Mount Isa, June 16. 125k yesterday, tailwind and 1,100 meters of climbing. Claire saw a dead kangaroo, nothing special, but then, “ohhhhh, there’s little legs sticking out of her pouch, a Joey!” We later learned that many Joey’s survive crashes and are often raised by Australians as pets, and sometimes successfully released into the wild. Further along, a wedge tail eagle attended to his dead mate along the highway. The road carnage here is amazing, but a sign of how many critters are out there to be crossing the road to get killed.
In Cloncurry, we met Gary: 55 he left his business with a son and took to the road two and a half months ago in Sydney. He is divorced and searching. He is a strong recumbent rider, but worried about the next six days westbound. He is yet to bush camp. I think he wants us to come along with him. If we can’t do the Plenty Highway we might do it, though we prefer being on our own. We had tea (supper) with him last night and learned a lot about Oz culture. He’s good company and rides our speed.
The Urandangi Cutoff and the Plenty Highway
This section of the trip is a bit like cycling more than the width of Oregon on a un-maintained US Forest Service road, with but four stops for minimal service. As the Aussies might say: bit of a bash mate .
We left Mount Isa June 18 in the opposite direction as Gary. The Mount Isa Police had admonished that the track we intended to attempt was, “..a goat track. Don’t do it.” We were disappointed, but decided to try one last thing; we called two stations (ranches) along the route and were told conditions were pretty good for this time of year. Taking into account (not enough) that they were looking at the roads from a 4wd ute perspective, we decided to have a go. After a frenzied afternoon of shopping for two weeks worth of compact food, mailing part of it ahead to the Jervois Homestead station, loading up with 20 liters of water and lots of food, we headed south on Sunday morning, very, very excited and not a little apprehensive of what lay ahead. What did lay ahead had all the elements of adventure, a life affirming joyous enterprise of the highest order; the kind of venture that makes the moments shine in memory for a lifetime:
You have ridden your bicycle 400 kilometers (248 miles) on a challenging red dirt track, halfway to nowhere, from nowhere, to where the sky never ends. You are 400k in all directions from any significant light source, any significant grouping of humans, in the middle of a 500 mile diameter circle of quiet, and as evening settles, with it a darkness, utter darkness, like you have never known before. The rose and purple of the desert twilight has gone, moon rise is over an hour away, it is the shortest day, longest night of the year and you are alone with your thoughts, and the dome of sky, the sweet scent of desert flowers and a silence you have never known. The southern cross rides high, and your old friend the big dipper barely kisses the northern horizon, your pole star far below the horizon. You turn a complete circle, slowly, reverently, and the star dome goes into the curve of the earth as you turn. The milky-way is an intense swath of fog light above, enough to light your feet as you slowly walk in the rapidly cooling air.

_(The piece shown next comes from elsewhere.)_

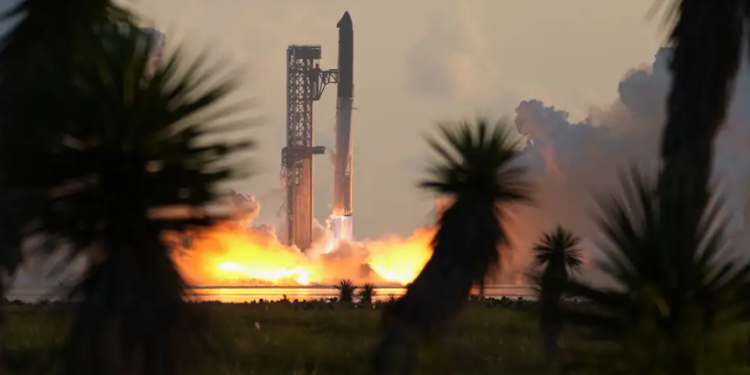 SpaceX logra colocar a Starship en órbita terrestre por primera vez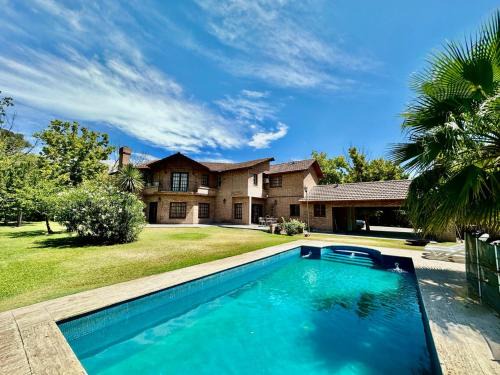 Chacras de Coria House | Hermosa Casa 14 pax Piscina Futbol 5 Chacras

This is what you have come for. You are in one of the ten darkest places on earth, and you got here by the power in your legs, arms, shoulders, and the ingenuity and perseverance of your mind. And the love of life in your soul.
An alto chorus of dingos sings from under the southern cross, signaling it is time and you reluctantly turn to your tent, warm sleeping bag, and, not so reluctantly for us, to each others warmth to carry us through, in comfort, the long winter solstice night. This is the original cathedral, and you have just experienced one of the most significant worship events of your life. By whatever name you call upon the originator of the universe, you have worshiped, and perhaps, wordlessly, understood the why.

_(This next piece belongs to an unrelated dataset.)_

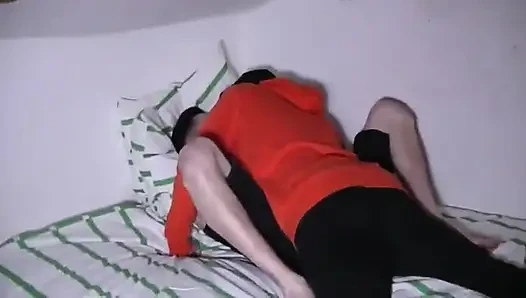 2440 Seksi Fransız ikiz Ryan Marechak Luca Sket tarafından sikiliyor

And perhaps you understand why we do these journeys…
Nearly run down by an emu…
On our first day out from Mount Isa, we saw our second emu of the day, and of the trip, and almost had a collision with it.

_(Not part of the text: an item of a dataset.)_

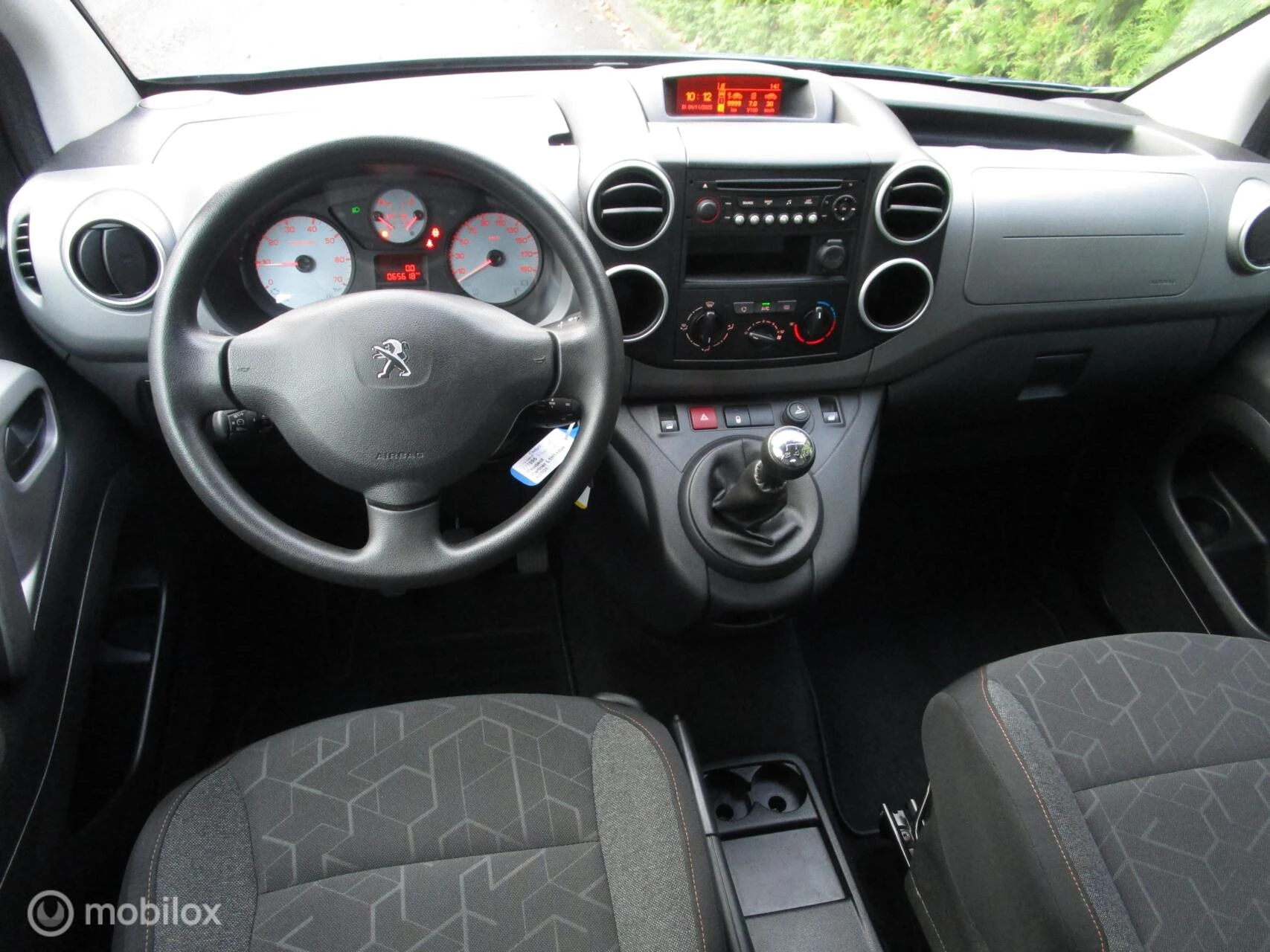 Hoofdafbeelding Peugeot Partner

Silly bugger saw us, began running along beside us instead of into the bush; then he suddenly, unexpectedly, turned in front of us. Talk about a close up look at a big bird. He passed less than two meters in front of us, we were doing around 25kph at the time, claws scratching at the road, neck stretched out long, in a desperate attempt to gain speed. Just missed us; of course I didn’t bother to slow down, I was enjoying the sight too much. A collision would not have been pleasant, but we missed him, or she missed us.